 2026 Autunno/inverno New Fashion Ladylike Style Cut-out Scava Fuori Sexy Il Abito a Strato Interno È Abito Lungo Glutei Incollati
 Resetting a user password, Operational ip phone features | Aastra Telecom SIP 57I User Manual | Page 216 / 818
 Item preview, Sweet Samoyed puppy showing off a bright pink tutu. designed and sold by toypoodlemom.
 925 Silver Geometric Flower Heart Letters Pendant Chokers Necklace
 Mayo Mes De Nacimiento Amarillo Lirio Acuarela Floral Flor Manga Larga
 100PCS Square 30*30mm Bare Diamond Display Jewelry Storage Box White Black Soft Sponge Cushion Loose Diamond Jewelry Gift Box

----------

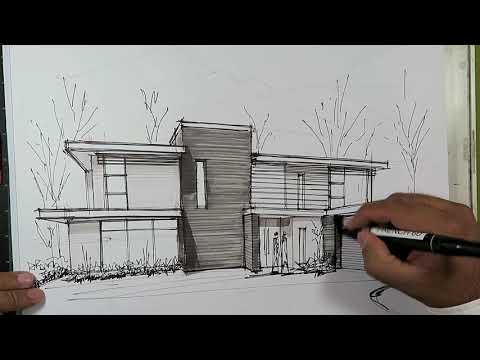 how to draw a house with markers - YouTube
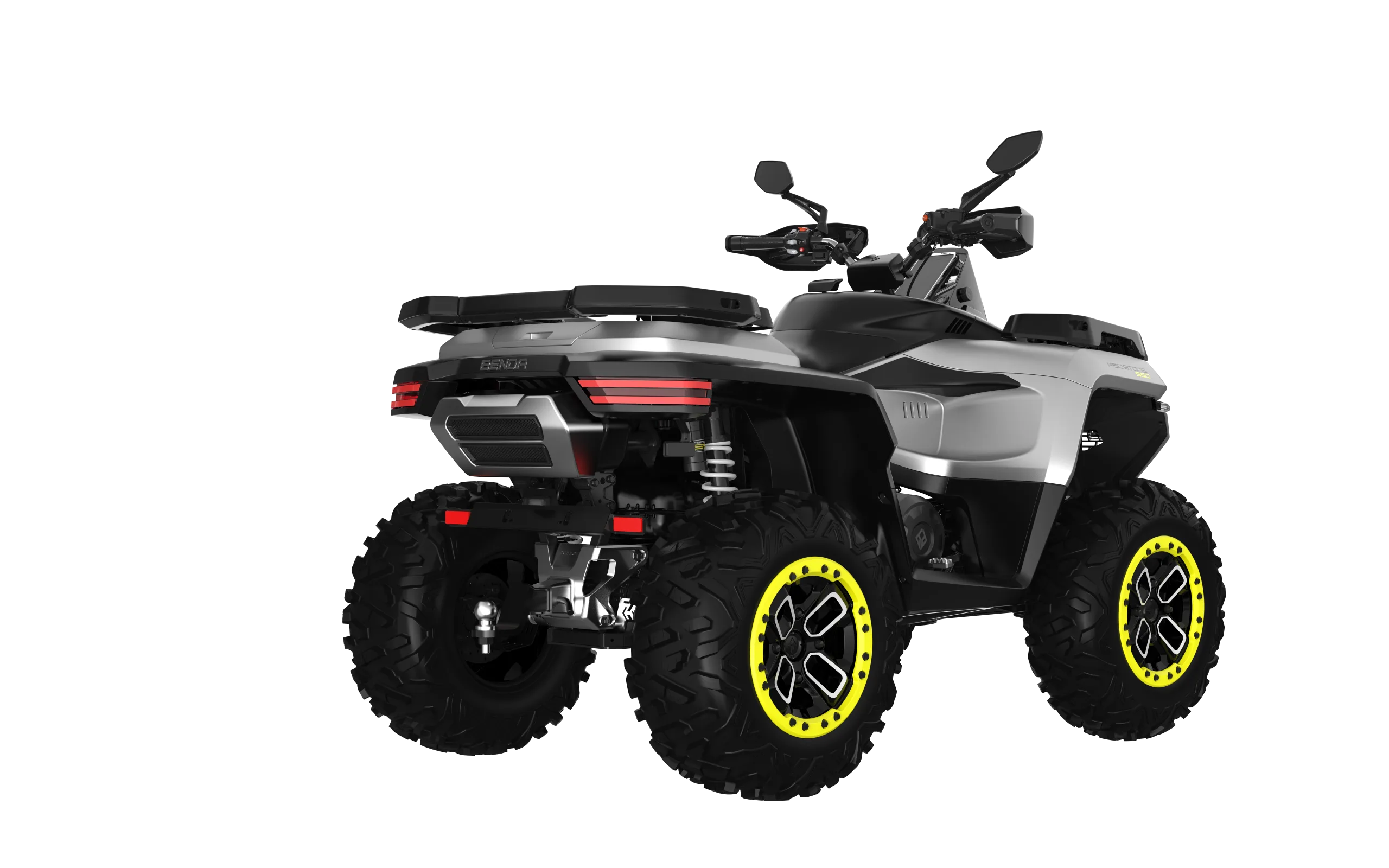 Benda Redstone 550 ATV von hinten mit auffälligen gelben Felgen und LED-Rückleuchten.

----------

* _ABOUT THIS TASK_
Above are the records; from them, give again exactly the lines from the one containing "2026 Autunno/inverno New" to the one containing "100PCS Square 30*30mm", both lines included, and nothing more.

* _COMPLETED TASK_
 2026 Autunno/inverno New Fashion Ladylike Style Cut-out Scava Fuori Sexy Il Abito a Strato Interno È Abito Lungo Glutei Incollati
 Resetting a user password, Operational ip phone features | Aastra Telecom SIP 57I User Manual | Page 216 / 818
 Item preview, Sweet Samoyed puppy showing off a bright pink tutu. designed and sold by toypoodlemom.
 925 Silver Geometric Flower Heart Letters Pendant Chokers Necklace
 Mayo Mes De Nacimiento Amarillo Lirio Acuarela Floral Flor Manga Larga
 100PCS Square 30*30mm Bare Diamond Display Jewelry Storage Box White Black Soft Sponge Cushion Loose Diamond Jewelry Gift Box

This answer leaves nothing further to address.